Nella stanza 26 is the ninth studio album by Italian singer-songwriter Nek, released on 17 November 2006.

==Overview==
The title song "Nella stanza 26" (in English: "In the room 26") was inspired and dedicated to a girl who wrote the anonymous letter in which is told she has to prostitute to maintain her family. The other songs often tell stories of love gone wrong.

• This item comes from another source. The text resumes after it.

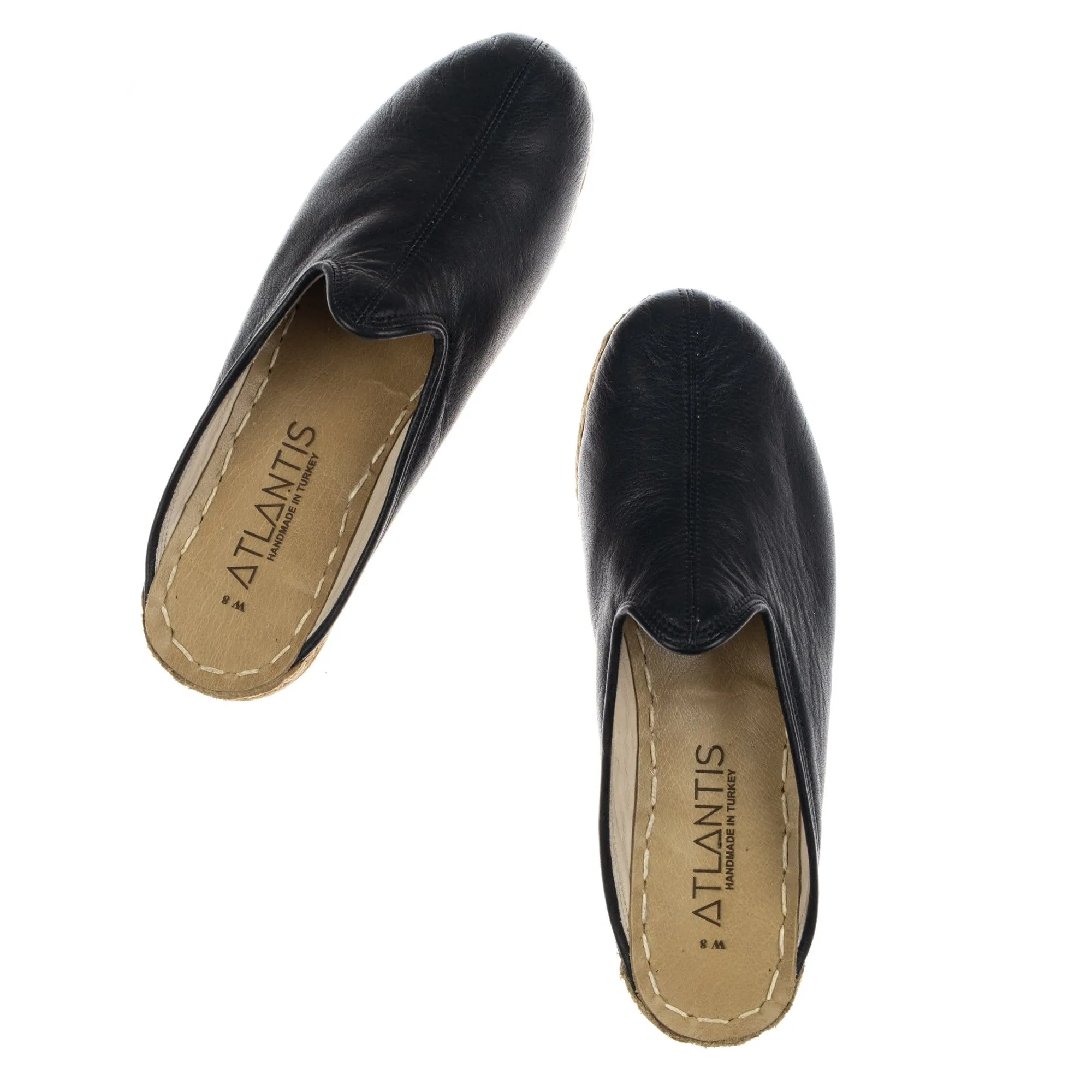 Men's Black Slippers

In 2007, for the title song Nek received the prestigious Lunezia "Poesia del Rock" award.

It includes the hit single "Instabile", which peaked at number three, and ranked in the Top 5 for 6 weeks.

==Track listing==

| # | Title | Length |
|---|---|---|
| 1 | Notte di febbraio | 4:08 |
| 2 | Cri | 3:39 |
| 3 | Instabile | 3:32 |
| 4 | Fumo | 3:05 |
| 5 | Attimi | 4:08 |
| 6 | Nella stanza 26 | 3:43 |
| 7 | Sei | 3:24 |
| 8 | Ancora un giorno di te | 3:02 |
| 9 | Serenità | 3:46 |
| 10 | Contro le mie ombre | 3:17 |

== Musicians ==
- Nek – vocals, soloist guitar, acoustic guitar, electric guitar, backing vocals
- Cesare Chiodo – bass
- Max Costa – keyboards
- Alex Bagnoli – programming
- Luciano Galloni – drums
- Dado Parisini – keyboards, Hammond organ
- Vittorio Giannelli – programming
- Gabriele Cicognani – bass
- Paolo Costa – bass
- Emiliano Fantuzzi – bass, programming, electric guitar, slide guitar, keyboards
- Pier Foschi – drums
- Alfredo Golino – drums
- Roberto Gualdi – drums
- Massimo Pacciani – drums
- Massimo Varini – programming, backing vocals, electric guitar

==Charts and certifications==

===Weekly charts===

| Chart (2006) | Peak position |
|---|---|
| Italian Albums (FIMI) | 5 |
| Mexican Albums (AMPROFON) | 79 |
| Spanish Albums (PROMUSICAE) | 56 |
| Swiss Albums (Schweizer Hitparade) | 5 |

===Year-end charts===

| Chart (2006) | Position |
|---|---|
| Swiss Albums (Schweizer Hitparade) | 99 |

===Certifications===

| Region | Certification | Certified units/sales |
| Italy (FIMI) | 2× Platinum | 160,000^{*} |
^{*} Sales figures based on certification alone.